General characteristics
- Class & type: Colombo Express Class container ship
- Tonnage: 93,750 GT 103,800 DWT
- Length: 335.07 m
- Beam: 42.87 m
- Draught: 14.61 m
- Depth: 24.61 m
- Installed power: 68,640kW (93,323hp)
- Propulsion: 12 cylinder, 2 stroke B&W 12K98ME driving a single screw
- Speed: 24.5kn
- Capacity: 8749 TEU
- Crew: 24 crew

= Kyoto Express =

Kyoto Express is a container ship of the Colombo Express class of ships owned and operated by Hapag-Lloyd AG. Registered in Monrovia, Liberia, the vessel has been in operation since 2005.

==Hull and engine==
Built by Hyundai Heavy Industries in Ulsan, South Korea, the Kyoto Express was completed in November 2005. The ship is fully cellular, has nine holds, and has a cargo capacity of 8749 TEU. The ship is 335.07 meters in length, 42.87 meters across the beam, and draws a draught of 14.61 meters.

The ship features a main propulsion plant of a B&W 12K98ME that generates 93,323 hp. The main engine drives a single, fixed-pitch screw, capable of propelling the vessel at a speed of 24.5 knots.

==Crane collapses at docks==
On January 18, 2008 at approximately 4:35pm, a crane collapsed onto the Kyoto Express at the Southampton Container Terminals. The part of the dock was evacuated, and there were no reported injuries.

Even after four weeks from the crane incident, many ships and vessels had to reroute to other ports due to the dock's suspended operations for rebuilding and repairing. The Kyoto Expresss departure was delayed for about 10 days while debris and damaged containers from the collapse were cleared from the ship and dock.

Due to the incident, Honda lost total production at its South Marston factory because the parts could not be delivered, and the 5,000 staff members were sent home. The Kyoto Express was carrying gearboxes and transmissions for Swindon from the Far East that were eventually rerouted to Amsterdam which had to be then transported on land to the United Kingdom.

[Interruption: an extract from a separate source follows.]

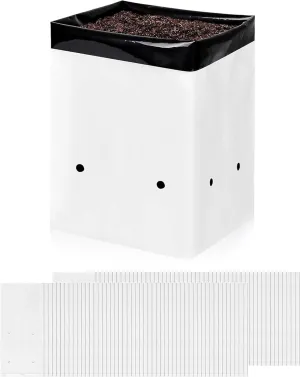 YSSOA 100 Pack 2 Gallon Grow Bags, Black and White Panda Film Containers for Plant Potting Seedlings, Thick Plastic Bag for Tomato, Potato, Carrot, Taro-Garden Nursery and Rooting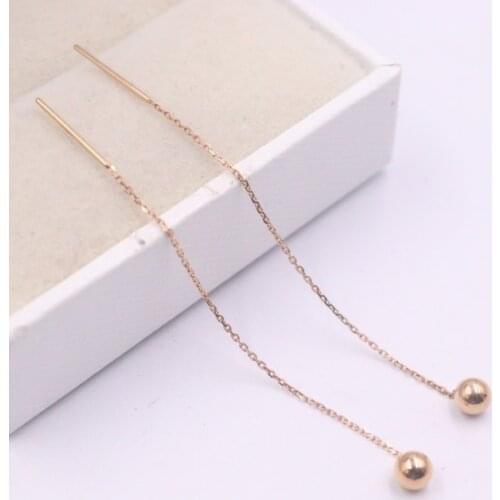 Real 18K White Rose Gold Earrings Drop For Women Smooth Ball Earrings Line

"This crane failure at Southampton at the weekend has caused us a major problem with the unloading of key engine components," said Julie Cameron, head of corporate communications at Honda. "As a result the car production was disrupted due to this parts shortage. Arrangements have been made to transport the outstanding parts, by road, back to the UK. We are expecting delivery this morning, when full production is estimated to restart on both lines. During this non-production time, associates are being given an opportunity to take holidays and other activities such as training are planned."

The projected loss of production was between 600 and 1,000 vehicles.